THE END OF OVEREATING:
Taking Control of the Insatiable American Appetite
copyright: 2009, Rodale Books
Remember this guy…?
I vividly recall David Kessler, but not when he was appointed FDA commissioner by Republican president George H.W. Bush (with bipartisan approval no less). He was later reappointed by Clinton with what produced painful misgivings from Republicans.
Mr. Kessler is one smart guy, having advanced degrees both in Medicine and Law. Outside private industry, he also worked for Republican Senator Orin Hatch.
The (Dr.) Kessler I remember was trying to regulate the cigarette industry, meaning Americans would have to admit to society, and even worse, to themselves, that smoking was in effect “doing drugs.” While legislation never got off the ground, it surely left, as they say…a “bad taste” in one’s mouth. After losing this David vs. Goliath battle, the other David decided to write a book about American eating habits.
This website reviewed his book even though it’s a book about Nutrition.
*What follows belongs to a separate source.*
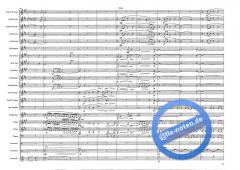 Adeste Fideles (John Francis Wade)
Because, in reality, it is the story of how Nutrition was hijacked by Food Inc. This Book Review is geared towards Socially Responsible Investors. Summary points:
- Individuals who would like to understand how the food industry operates
- Investment professionals following the food/services industry
- People trying to change their eating habits that don’t understand why they keep failing
What I liked:
- Despite Kessler’s advanced education, the book is very easy to read
- Well researched: the easy-reading is backed by a vast number of footnotes and personal interviews (amounting to 62 pages!)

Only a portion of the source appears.